State says Brooks Biddle neglected to provide “Lemon Law” resale notices
SEATTLE – Washington’s Lemon Law requires that dealers inform buyers if a car has ever been returned to a manufacturer. The Attorney General’s Office, which enforces the law, says a Bothell Chevrolet dealer neglected more than once to provide the required disclosures.
Brooks Biddle Chevrolet violated a November 2009 settlement when it sold a 2002 GMC Yukon on Jan. 16, said Consumer Protection Division Chief Doug Walsh. The dealership failed to inform the buyer that the SUV had been returned to the manufacturer under a Lemon buyback program then resold at a California auction.
“Consumers deserve to know whether a car may have potential problems,” Walsh said. “An informed shopper may still buy the vehicle, but likely would negotiate differently had they received the required Lemon Law disclosures. Lemon buyback cars have branded titles, so the resale value is lower.”
Washington’s law requires that a bright yellow “Lemon Law Resale Notice” be placed on a car window. Buyers must also receive documents informing them that the car title will include a comment that the vehicle was previously returned to the manufacturer and this may affect the vehicle’s future resale value.

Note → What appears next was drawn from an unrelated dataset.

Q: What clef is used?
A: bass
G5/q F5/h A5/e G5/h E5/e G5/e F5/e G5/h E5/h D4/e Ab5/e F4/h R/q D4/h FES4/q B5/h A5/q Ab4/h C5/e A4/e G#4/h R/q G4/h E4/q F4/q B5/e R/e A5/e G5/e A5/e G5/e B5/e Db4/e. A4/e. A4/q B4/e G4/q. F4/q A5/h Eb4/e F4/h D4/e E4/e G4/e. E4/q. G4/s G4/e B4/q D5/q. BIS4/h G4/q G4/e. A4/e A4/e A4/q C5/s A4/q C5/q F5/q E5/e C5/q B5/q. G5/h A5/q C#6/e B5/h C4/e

Brooks Biddle paid $4,000 in legal costs and attorneys’ fees to resolve the state’s earlier allegations that the company failed to provide the appropriate forms to 21 buyers. That settlement also required the dealership to make a good-faith effort to resolve disputes.
The new agreement filed in King County Superior Court requires Brooks Biddle to pay $3,140 in civil penalties and an additional $2,750 in legal costs and attorney fees. If the company fails to comply with the law, the state can seek a $25,000 penalty for each future violation.